Heledd Fychan, for Plaid Cymru, told the chamber more than 63% of the vote in the 2021 election went to parties that had committed to Senedd reform.

She said: “It is beyond any reasonable doubt that there is a democratic mandate.”

Ms Fychan said there was no referendum on reducing the number of Welsh MPs from 40 to 32, and the UK Government resisted calls for a public vote on its Brexit deal.

‘Crocodile tears’

Alun Davies, a Labour backbencher, who represents Blaenau Gwent, accused the Conservatives of crying crocodile tears about Welsh democracy.

He said: “If they respected Welsh democracy, we wouldn’t have seen the erosion of the powers of this place week after week, month after month.”

Mick Antoniw, the member in charge of the bill, said a compelling case for reform has been made in expert reports, which have been endorsed by three of the four political parties.

Wales’ constitution minister pointed out that hundreds of new members have been appointed to the House of Lords without a referendum.

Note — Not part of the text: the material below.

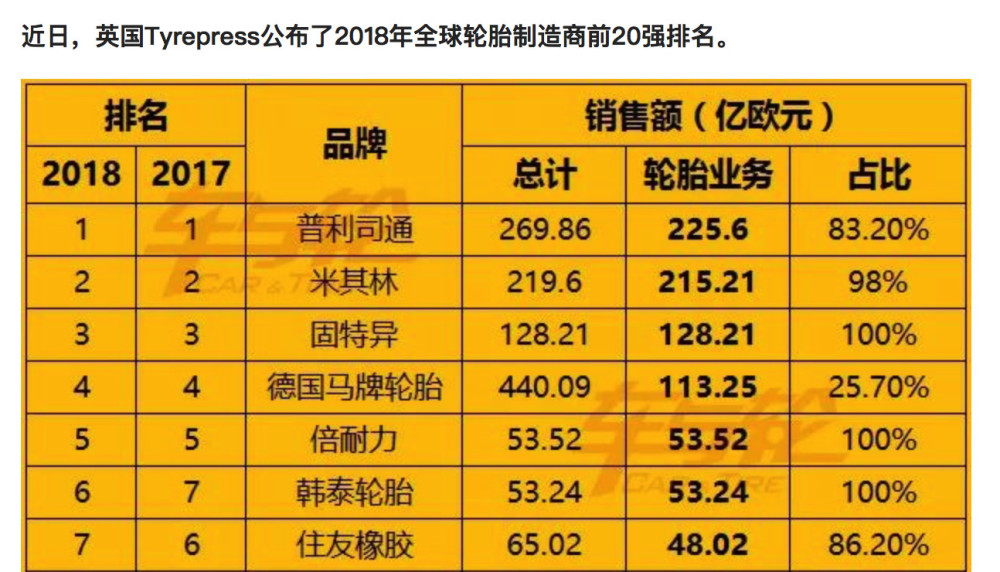 全球十大轮胎品牌中的韩泰轮胎 竟然愧对"韩国制造"的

Mr Antoniw told MSs the Wales Act 2017, which gave the Senedd control over its electoral system for the first time, does not include any referendum requirement.

‘Grossly unfair’

Mr Millar also raised concerns about the “unacceptable” potential for a 10% variance in the size of Senedd constituencies from 2030, which is twice that allowed at Westminster.

He said from 2026 all Senedd constituencies will have about 147,000 electors, aside from whichever is paired with the protected Ynys Môn constituency.

Mr Millar explained that the paired Ynys Môn seat could have up to 25,000 fewer electors.

The Tory warned that from 2030 it will be possible for constituencies to vary in size by 30,000 electors or more, which he described as grossly unfair and inappropriate.

He said: “In the interests of fairness and equality of representation for all citizens of Wales, it is important that all MSs represent a similar number of constituents.”


Ms Fychan raised concerns about artificial quotas and unintended consequences, pointing to the example of the new Brecon, Radnor and Cwmtawe seat at Westminster.

The Plaid Cymru MS said: “If there must be a quota then we must include as much flexibility as possible rather than bind the boundary commission’s hands.”

Similarly, Mr Antoniw said introducing a smaller variance than 10% would mean more changes in Senedd constituency boundaries between 2026 and 2030.

He pointed out that there is no numerical limit in Scotland as he stressed the importance of flexibility to respond to matters such as geography and local ties.

MSs voted down the Tory amendment which would have halved variance to 5%.

Following the two-day stage-two debate on March 5 and 6, the bill now moves onto stage three – which will see further amendments debated and is expected to be held in late April.